On a few occasions recently we have been investigating an issue, only to find that one of more of our OnPrem SOLR instances have not been running. In this article, I will highlight the steps we have taken to monitor these services, and trigger an alert if any are found to not be running.
The Issue
We are currently running SOLR on our own virtual machines, with one VM providing the master node and a further two providing slave instances, that replicate the data and make it available to our Sitecore CD front ends. We have found that on a small number of occasions, normally after automatic azure patching, that the SOLR services fail to start up again after the machines are rebooted (despite them being set to automatic).
The Solution
Our solution to this problem came in two parts:
- The first part was to create a simple service that will run on each VM with the sole purpose of monitoring the SOLR service. That service periodically (every 10 mins) checks to to see if the service is running, if it is found to be healthy, then it registers a custom event (along the lines of "SOLR on VM1 is RUNNING") in application insights.

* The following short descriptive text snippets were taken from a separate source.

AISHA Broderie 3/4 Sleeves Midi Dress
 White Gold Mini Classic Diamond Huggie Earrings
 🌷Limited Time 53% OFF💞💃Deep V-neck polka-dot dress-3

- The second part of the solution was to install the Application Insights for Sitecore Module (with Alerting). We then used the predefined 'Custom Event' alert, to constantly check if the given event "SOLR on VM1 is RUNNING" is present in the last 10 minutes. If that check ever returned false, then an alert is triggered and an email sent to subscribers.
With these two pieces of functionality, we are then able to monitor all three of our SOLR instances and quickly be alerted if any of them fail to start. Thus allowing us to investigate and fix any issues before they are reported.